MR. AMBROSE (Middlesex, Harrow)

said, he was sure the Committee appreciated the importance of the words under discussion—"or as may be directed by Irish Act." At the commencement of these Debates, when they were dealing with the Preamble, they heard a great deal about the supremacy of the Imperial Parliament. The Bill, indeed, was said to be saturated with supremacy. But what were they doing by this Clause 5? They had just passed words which would transfer to the Lord Lieutenant the whole of the powers of the Crown, or such of them as the Ministry for the time being thought fit to delegate. The Committee did not, in fact, know which of the prerogatives were to be delegated by the instrument which would eventually be laid on the Table of the House of Commons.
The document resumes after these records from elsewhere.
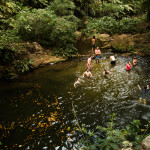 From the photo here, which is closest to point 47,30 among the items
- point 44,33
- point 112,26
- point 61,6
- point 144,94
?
point 44,33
He did not much care which was the true construction of the words—that put upon them by the Solicitor General, or that by the right hon. and learned Member for Bury; but he did wish to know if it was consistent with the pledges of the Prime Minister to place the prerogative of the Crown in the hands of persons appointed to Office by the Irish Legislature. He could quite realise that the Legislature should have some influence over the appointments to the various offices, in the same way as this House of Commons influenced the appointment of Ministers of the Crown, indirectly of course. But that the Irish Legislature should be allowed to alter its own Constitution did seem to be an un-Constitutional proceeding, and one suicidal to the maintenance of Imperial supremacy. [Nationalist cheers.] He did not know why Irish Members should howl.


It is their nature to.


said, he gathered that hon. Members would like to see the House pass a measure suicidal to the real supremacy of Great Britain, and he could quite understand their possessing such a desire. But the very reasons which prompted their ironical cheers caused him to dislike the proposal. The Committee should be very careful before giving its assent to a proposal like this. They were going to have two Governments in Ireland; there would be the Imperial Government on the one hand, and the Local, or Irish, Government on the other. They must not forget the importance of the matters excepted by Clauses 3 and 4 from the jurisdiction of the Irish Legislature. How were they to secure that such matters would be properly dealt with unless they had in the Irish Cabinet someone nominated by the Crown? He construed this clause to mean that the Executive Committee which was to be constituted would, in fact, form the Irish Cabinet. The Members of that Cabinet would then be the advisers of Her Majesty. The Government of the Queen was still to run in Ireland; why, then, should not Her Majesty have an opportunity of choosing her own Ministers? and yet, under this clause, it would be competent for the Irish Legislature to nominate for high offices persons in whom the Queen could not have proper confidence.

MR. BLAKE (Longford, S.)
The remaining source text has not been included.